Can Fines Be Deducted? Accounting and Tax Treatment of Authority Fines, Parking Surcharges, Contractual Penalties and Late Payment Interest

Guide to fines, penalties, surcharges and late payment interest in Hungary, covering tax deductibility, accounting treatment, VAT and corporate tax risks.
In the course of business operations, companies may occasionally incur expenses that do not appear as classic procurement, service or operating costs, but are instead connected to some form of breach of rules, delay, breach of contract or administrative omission. These may include, for example, a default penalty imposed by the Hungarian tax authority, a traffic or parking surcharge, a data protection authority fine, late payment interest charged due to delayed payment, or a contractual penalty arising from improper performance of a contract.

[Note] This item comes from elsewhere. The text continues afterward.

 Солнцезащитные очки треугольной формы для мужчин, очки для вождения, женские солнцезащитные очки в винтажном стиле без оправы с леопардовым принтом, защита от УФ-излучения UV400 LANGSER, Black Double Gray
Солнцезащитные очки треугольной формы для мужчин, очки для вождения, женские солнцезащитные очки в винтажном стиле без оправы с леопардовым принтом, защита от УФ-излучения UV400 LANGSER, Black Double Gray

A common misunderstanding among entrepreneurs is that if an expense arises during the operation of the company, it is automatically an “accountable cost”. This is only partly true. From an accounting perspective, an actual payment obligation must generally be recorded in the books, since it affects the company’s assets, profit or loss, and liabilities. From a tax perspective, however, it is a completely different question whether this expense may reduce the corporate income tax base or, on the contrary, must be treated as a tax-base-increasing item.
This topic is particularly important because incorrect accounting or tax treatment may not only result in inaccurate financial statements, but may also lead to tax shortfalls, surcharges or further penalties during a later tax audit. Therefore, each such item should be examined separately: under what legal title it arose, who imposed it, what legal relationship it originates from, whether there is any economic performance behind it, whether it is connected to the company’s business activity, and whether the tax base must be adjusted.
- The Most Important Distinction: An Accounting Expense or a Tax-Deductible Cost?
The first thing to understand is that accounting and taxation do not always follow the same logic. The purpose of accounting is to present the company’s economic events accurately and realistically. If a company has to pay a fine, it is a financial burden that reduces the company’s result and must appear in the records in some form.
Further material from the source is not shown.